Buying a Home Information Packs (HIPs) Will you Save or Lose your Money

Most people love a bargain and when it comes to Home Information Packs (HIPs) it really seems it is no different. However, by choosing the cheapest HIP provider are you going to lose or save your money?

We have in the past written about our concerns in regard to the ‘cheapest HIP providers’ which it is a shame the ‘Which’ report journalist never read as one of their seemingly recommended companies went ‘under‘ leaving many consumers without their paid for HIPs. The article Be aware of cheap, budget HIP & EPC providers certainly remains valid and with the uncertainty within the industry the Conservatives are giving rise to, we believe there is a real risk of an increased level of unscrupulous trading practice occurring over the coming months.

There is currently a number of HIP companies offering to save you money on your (HIP) Home Information Pack costs. Take a look round and you will see the type of advertising which is more accustomed to ‘pound shops’, ‘second hand car salesman’ and ‘electrical good suppliers’. Adverts often only allow a limited amount of text but quality doesn’t seem to be portrayed within most of these cheap HIP and EPC providers adverts. Is this an indication of the quality you will receive or the desire of the British public to buy something at what is an unbelievable price.

The HIP providers in question are often able to legitimately display logos of various genuine associations which portray increased quality of product to the consumer. A recent disclosure from IPSA members who have lost nearly £800,000 from HIP providers and other clients was startling and it is unlikely that any of this bad debt will be recoverable.

Domestic energy assessors who carry out the energy assessment to produce the energy performance certificate (EPC) are reporting struggling being paid by a number of companies, not just in a timely manner but at all. We are not able to disclose the HIP providers names at present though it seems they will come to light shortly.

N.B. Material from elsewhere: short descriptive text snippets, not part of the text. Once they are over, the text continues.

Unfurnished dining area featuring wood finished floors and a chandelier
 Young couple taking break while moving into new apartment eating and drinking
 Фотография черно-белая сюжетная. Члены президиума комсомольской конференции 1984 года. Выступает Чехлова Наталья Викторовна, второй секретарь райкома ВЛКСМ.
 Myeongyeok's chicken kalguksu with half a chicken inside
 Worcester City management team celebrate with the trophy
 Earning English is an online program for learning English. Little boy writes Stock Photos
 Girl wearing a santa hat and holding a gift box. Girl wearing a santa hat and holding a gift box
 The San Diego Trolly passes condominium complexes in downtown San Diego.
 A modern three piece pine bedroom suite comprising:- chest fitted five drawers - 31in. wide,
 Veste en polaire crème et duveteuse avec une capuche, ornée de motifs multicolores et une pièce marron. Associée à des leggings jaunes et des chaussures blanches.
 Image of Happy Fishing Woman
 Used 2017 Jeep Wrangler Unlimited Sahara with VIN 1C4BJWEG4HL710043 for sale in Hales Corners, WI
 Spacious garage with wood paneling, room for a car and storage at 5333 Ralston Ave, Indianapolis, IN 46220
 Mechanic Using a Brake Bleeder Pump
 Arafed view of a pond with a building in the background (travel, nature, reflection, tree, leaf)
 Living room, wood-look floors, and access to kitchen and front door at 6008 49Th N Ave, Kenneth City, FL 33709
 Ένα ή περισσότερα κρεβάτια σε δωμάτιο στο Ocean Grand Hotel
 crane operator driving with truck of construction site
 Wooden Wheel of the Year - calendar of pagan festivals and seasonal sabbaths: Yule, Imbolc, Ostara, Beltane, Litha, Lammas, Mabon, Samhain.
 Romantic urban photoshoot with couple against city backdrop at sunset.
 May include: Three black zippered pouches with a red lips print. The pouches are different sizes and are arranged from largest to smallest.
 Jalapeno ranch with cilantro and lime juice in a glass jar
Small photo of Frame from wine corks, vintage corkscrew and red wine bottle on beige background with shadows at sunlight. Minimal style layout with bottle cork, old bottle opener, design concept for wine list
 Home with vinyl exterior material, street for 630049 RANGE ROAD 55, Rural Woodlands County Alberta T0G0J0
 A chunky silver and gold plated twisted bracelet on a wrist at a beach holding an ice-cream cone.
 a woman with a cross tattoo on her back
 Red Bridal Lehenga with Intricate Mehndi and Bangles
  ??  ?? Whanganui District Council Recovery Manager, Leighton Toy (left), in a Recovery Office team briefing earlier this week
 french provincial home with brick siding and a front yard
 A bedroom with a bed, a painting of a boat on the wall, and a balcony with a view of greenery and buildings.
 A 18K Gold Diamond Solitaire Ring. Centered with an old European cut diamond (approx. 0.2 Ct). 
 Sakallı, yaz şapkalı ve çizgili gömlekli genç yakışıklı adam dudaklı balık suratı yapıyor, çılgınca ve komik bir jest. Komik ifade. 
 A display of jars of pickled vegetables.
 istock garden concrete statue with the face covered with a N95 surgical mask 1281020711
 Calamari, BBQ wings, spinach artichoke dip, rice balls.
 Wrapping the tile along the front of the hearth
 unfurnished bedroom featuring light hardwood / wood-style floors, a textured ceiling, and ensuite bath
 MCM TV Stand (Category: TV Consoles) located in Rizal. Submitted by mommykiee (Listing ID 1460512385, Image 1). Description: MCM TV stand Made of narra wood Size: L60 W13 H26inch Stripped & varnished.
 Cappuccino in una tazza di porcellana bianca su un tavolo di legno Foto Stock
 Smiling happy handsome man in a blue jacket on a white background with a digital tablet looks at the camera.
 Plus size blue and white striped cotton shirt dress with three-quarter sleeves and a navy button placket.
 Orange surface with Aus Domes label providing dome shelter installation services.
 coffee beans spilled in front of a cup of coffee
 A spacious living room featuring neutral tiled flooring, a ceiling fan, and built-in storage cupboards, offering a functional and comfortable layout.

Many DEAs are finding both the current financial and property market climate very challenging so often see offers of ‘new’ work an inviting relief. We have had contact with one DEA who wished to remain anonymous who told us,

“I had only carried out 2 EPCS in 2 weeks when I was contacted by …………. , the fees offered were quite low but I was in need of the money. I carried out the jobs as requested and 3 months later I still have not been paid. Obviously, I have tried to contact them. If I am luckily enough to get to speak to anyone which I usually have to do by posing as a possible customer I am given one excuse after another. In reality these EPCs have actually cost me to carry them out and certainly have not helped my financial situation. “

Some businesses are offering HIPs at a price which is substantially less than it actually costs. Is this a loss leader exercise to sell other products, a costly attempt to gain market share or are there more  unscrupulous plans with no intentions to pay their suppliers or supply the product to the consumer?

‘Loss leader’ strategies can often be legitimately seen by supermarkets for example. They may well offer ‘loss leader’ bananas in the hope you will come in and buy other products maybe even a £500 TV. But you wont see them offer TVs at £250 less than it costs in the hope you will come to their store and buy a banana.

With the uncertain future of HIPs what business adviser would recommend a HIP provider to consistently lose money on every product they sold to gain market share? (That is making the assumption that the HIPs are HIP-compliant and all the necessary documents/information are present)

For ‘dodgy’ HIP providers who do not pay their main suppliers i.e. energy assessors and search agents, the money they receive from the client / consumer is profit as in affect they have little costs. Unfortunately in this scenario, the consumer may receive a Home Information Pack, they may not and often dependant on how long they can keep trading.

The same phrase comes to mind time and time again if you are looking to buy a HIP, save your stress for actually moving and choose a quality HIP provider.

“If something seems to be too good to be true it normally is”

It could easily seem to be a bit of a gamble with some ‘cheap’ HIP providers whether you will actually receive what you believe you are paying for. We have no problem with gambling, however we prefer to gamble on the Grand National and generally put our bets on with a quality bookmaker, William Hill and not a budget HIP provider.

We look forward to your thoughts and views as always.